Stupisce in verità il pudore, se così si può dire, con il quale i giudici hanno condotto tale operazione: più volte nel testo della sentenza c’è un monito alla prudenza e al rispetto, con i quali i giudici devono vagliare i prodotti della contrattazione collettiva. Ma convince (almeno chi scrive) il grande richiamo alla realtà di fatto che si è venuta a determinare negli ultimi tempi nel nostro Paese.

Il caso si può sommariamente riassumere in questi termini: un lavoratore, addetto per il tramite di un contratto di appalto presso un supermercato, si è trovato a transitare presso diversi datori di lavoro che nel frattempo si erano avvicendati nell’appalto; a ogni cambio di appalto, il lavoratore veniva assunto dal nuovo datore, ma con una retribuzione inferiore; e tutti i vari datori, alle sue doglianze, si difendevano richiamando il fatto che altro non facevano che applicare il Ccnl stipulato da oo.ss. rappresentative.

La sentenza in esame ha accolto le pretese del lavoratore, così cassando la sentenza impugnata e rinviando al giudice di primo grado per la determinazione delle differenze retributive calcolate sulla base dei minimi contrattuali del Ccnl applicato al rapporto e altro Ccnl.

Quello che più colpisce della sentenza è la realtà di fatto che la Corte di Cassazione ha evidenziato quale ragione storico-pratica che le ha consentito di entrare nel merito dei livelli tariffari dei Ccnl.

La Corte si è riferita a: a) la frammentazione della rappresentanza; b) la frantumazione dei perimetri negoziali e degli ambiti della contrattazione, dei settori e delle categorie; c) la conseguente proliferazione del numero dei Ccnl (il Cnel ne ha censiti 946 per il settore privato); d) la moltiplicazione del fenomeno della disparità di retribuzione a parità di lavoro e la mortificazione dei salari.

Sono, questi, fenomeni che dipendono da una concorrenza tra le sigle sindacali (e ci si riferisce non solo alle organizzazioni dei lavoratori ma anche a quelle datoriali) che da una parte vivono una forte crisi di rappresentanza e dall’altra – absit iniuria verbis – sono motivate da una feroce caccia agli iscritti.

La Cassazione conclude riferendo due altri dati di realtà, degni di nota, ossia: e) il ritardo abituale dei rinnovi dei contratti collettivi la cui durata impedisce un effettivo adeguamento dei salari ai cambiamenti economici; f) una dinamica inflazionistica severa negli ultimi due anni, con la conseguente perdita del potere di acquisto dei salari.

Ad esempio, nel settore della sanità, il Ccnl Aiop-Aris-Fondazione don Gnocchi per i medici dipendenti di strutture private (che risale al 2002-2005, ossia a circa 20 anni fa!) prevede un trattamento economico dai 15.000 ai 30.000 euro in meno rispetto al contratto pubblico; il Ccnl Aris (che lo ha rinnovato per il triennio 2020-2023 separandosi dall’Aiop) prevede un trattamento economico dai 6.500 ai 14.000 euro inferiori rispetto al pubblico.

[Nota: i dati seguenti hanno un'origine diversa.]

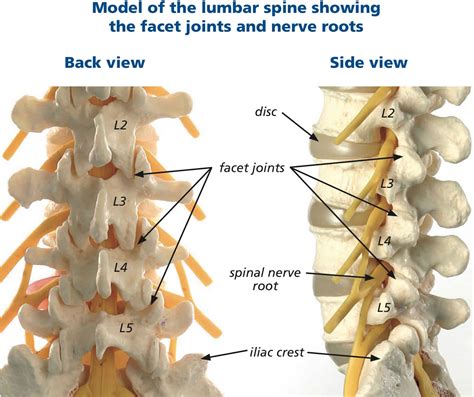 Cervical Lumbar Spine Anatomy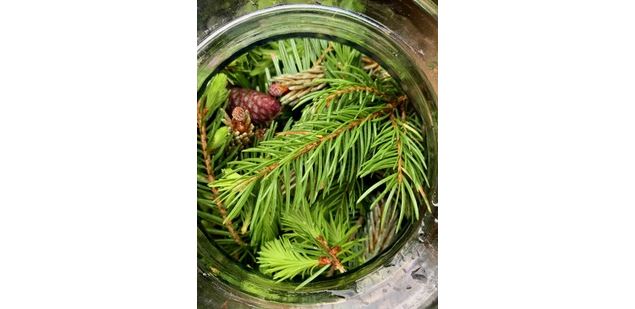 Atelier sapin_Bisanne 1500 - Michel Rostalski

Chi ha gridato allo scandalo di vedere i giudici di legittimità intromettersi in un ambito tradizionalmente riservato al libero dialogo delle parti sindacali sembra ignorare questi dati di fatto; pare invece a chi scrive che la sentenza di Cassazione altro non fa che porre rimedio (tentare di porre rimedio) in un contesto in cui gli attori di esso – sia detto semplicemente e forse un po’ brutalmente – non stanno facendo il loro mestiere.

Un lavoratore della sanità privata, che si vede applicare un contratto vecchio di 20 anni, che guadagna diverse decine di migliaia di euro di stipendio in meno di un suo collega che fa il suo stesso mestiere ma in un ospedale pubblico, che subisce un’inflazione che erode sensibilmente il potere di acquisto del suo stipendio, che venga a sapere della sentenza della Cassazione non ha forse motivo di ricorrere in tribunale contro il suo datore di lavoro?